Auch an den 2. Weltkrieg erinnert sich der Zeitzeuge noch genau: Im April 1939 wurde der damals 21-Jährige zum Reichsarbeitsdienst eingezogen und nach der Ausbildung im Fliegerausbildungsregiment kam er nach Bad Fallingbostel zur Fallschirmausbildung und danach als Infanterist nach Estland.

Im März 1945 wurde er durch einen Granatsplitter durch den Stahlhelm am Hinterkopf verletzt und er kam ins Lazarett. Doch auch danach musste er wieder an die Front: „Doch nur noch acht Tage, denn am 8. Mai 1945 war der Krieg zu Ende“. Söhn kam jedoch für vier Jahre nach Estland in Gefangenschaft und kehrte erst am 24. Juni 1949 wieder nach Oestrich zurück: „Mit allerletzter Kraft“.

Zurück in seinem Beruf als Schlosser in der Johannisberger Maschinenfabrik fand er bald wieder in sein altes Leben.
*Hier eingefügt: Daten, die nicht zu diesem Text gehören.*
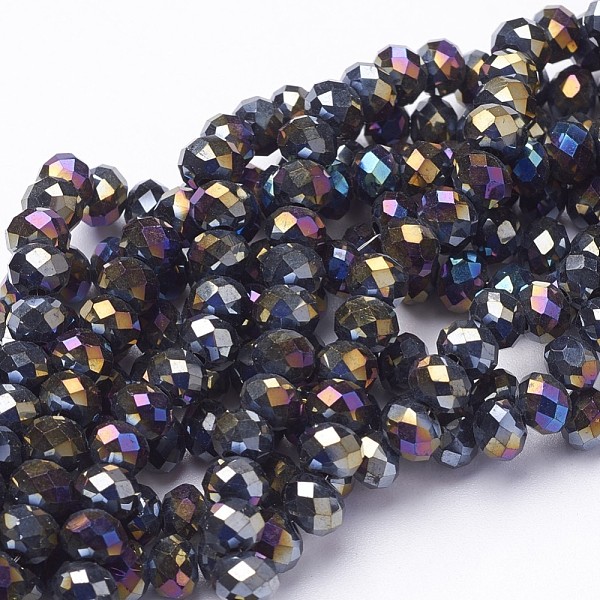 

PandaHall Electroplate Glass Beads Strands, Faceted, Rondelle, Mixed Color, 6x4mm, Hole: 1mm, about 85~88pcs/strand, 16.1~16.5 inch(41~42cm)...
Als ihn dann ein ehemaliger Kriegskamerad zur Oestricher Kerb besuchte, sprach er eine Bekannte an, ob sie mit einer Freundin ihn und den Kameraden zum Kerbetanz begleiten wolle. Diese Freundin war die Frau, in die Hanns sich sofort verliebte, wie er sich heute noch erinnert: „Ich sprach in ihrem Elternhaus hier in Winkel vor und die Mutter sagte: „Da draußen steht jemand für Dich“. Im Dezember 1950 heiratete er Berta aus Winkel standesamtlich und nach einer langen Odyssee für die damalige Kriegswitwe durfte sich das Paar auch am 24. Juni 1951 kirchlich das Jawort geben und war über 50 Jahre bis zum Tod von Ehefrau Berta glücklich verheiratet. Fast exakt ein Jahr nach der Eheschließung kam Stammhalter Heinz-Norbert auf die Welt und am 26. August 1958 erblickten die Zwillinge Rainer und Gisela das Licht der Welt. Man vergrößerte für die Kinder das Haus in der Bischof-Dirichs-Straße und Schlosser Hanns Söhn konnte fast alle Arbeiten selbst erledigen. Neben seiner Tätigkeit in der Maschinenfabrik arbeitete er auch viele Aufträge in der kleinen Werkstatt ab, die er sich eingerichtet hatte.

Doch nicht nur dem Handwerk hatte sich der Jubilar verschrieben, in seiner Freizeit sang er in der Winkler Sängervereinigung als Tenor und brachte sich hier auch ehrenamtlich als 1. und 2. Vorsitzender ein. Viel Freude machen ihm auch die Enkelkinder Michael, Thorsten, Sabrina, Alex, Swantje, Saskia, Nina, Nadja und noch ein Michael. Vor allem seit Opa Hanns 1982 nach 50 Jahren in der Maschinenfabrik in den Ruhestand getreten war, genießt er sein Dasein als Großvater und vierfacher Urgroßvater bis heute sehr. Auch im Seniorenclub „Frohsinn“ und in der Brunnenmeisterschaft ist der gesellige Jubilar bis heute Mitglied.